Would you please restate all of the entries exactly, apart from the pictures?

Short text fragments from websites
######
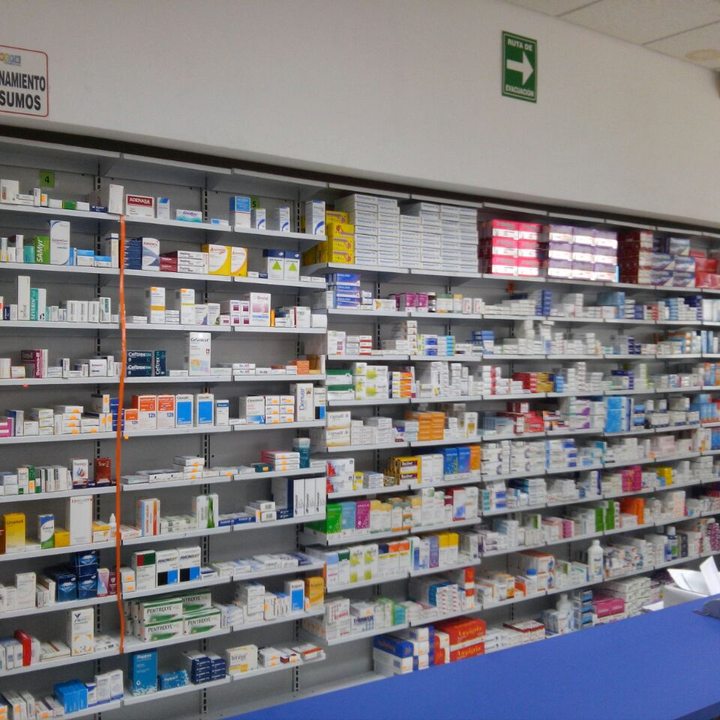 Anaquel de medicamentos ordenado por laboratorio detrás del mostrador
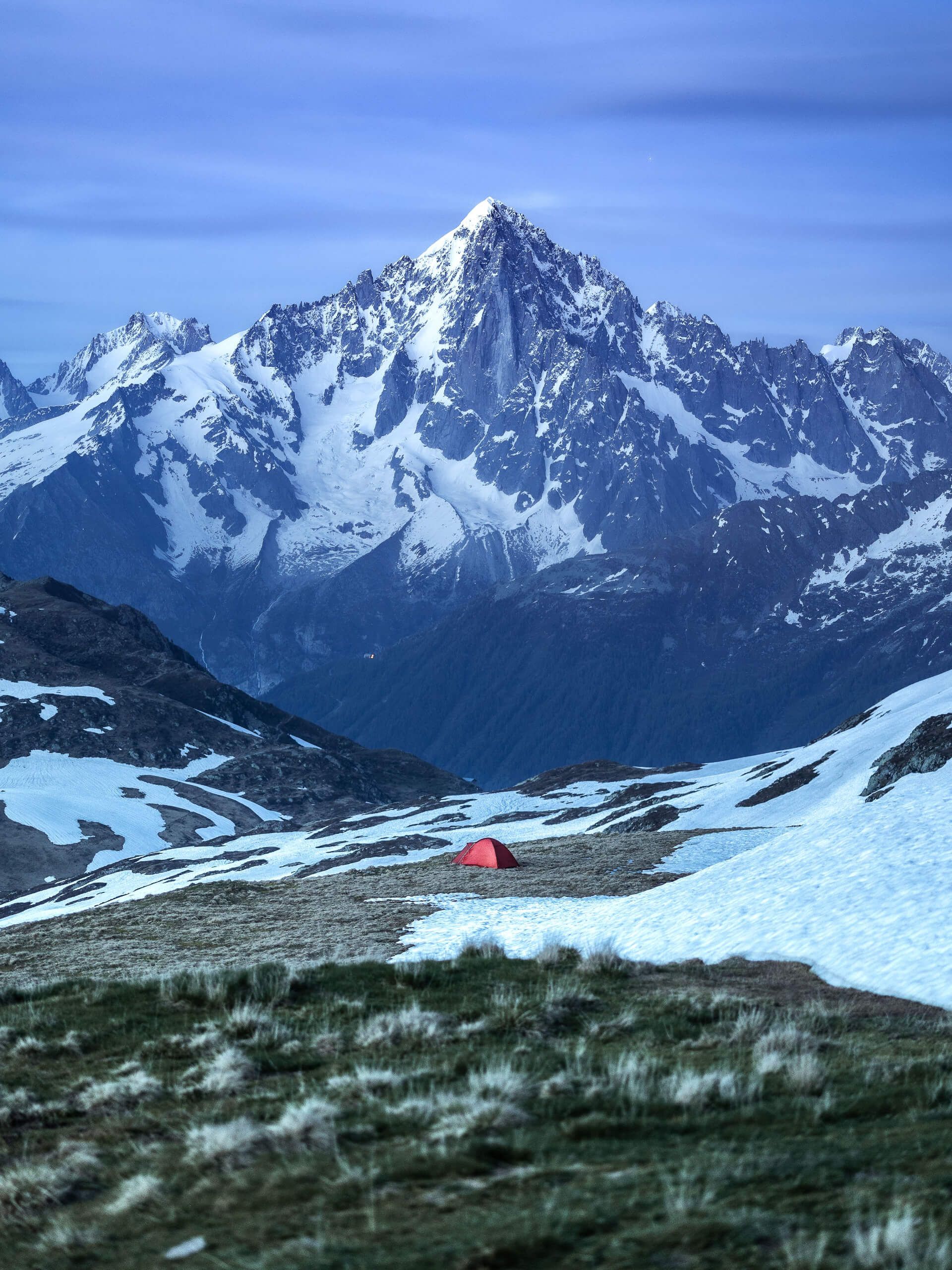 Alpine camping tent snowy mountains
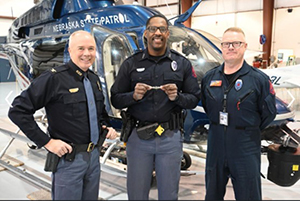 Trooper Moore is presented his wings as the newest pilot in the NSP Aviation Support Division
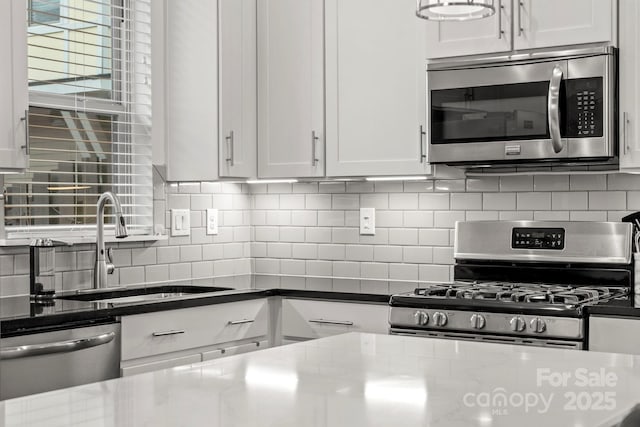 kitchen featuring sink, backsplash, white cabinets, and stainless steel appliances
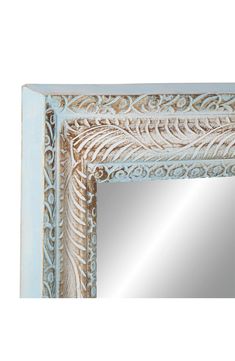 an ornate blue frame mirror with white trimming on the edges and gold leaf design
######
ANSWER SPACE -
 Anaquel de medicamentos ordenado por laboratorio detrás del mostrador
 Alpine camping tent snowy mountains
 Trooper Moore is presented his wings as the newest pilot in the NSP Aviation Support Division
 kitchen featuring sink, backsplash, white cabinets, and stainless steel appliances
 an ornate blue frame mirror with white trimming on the edges and gold leaf design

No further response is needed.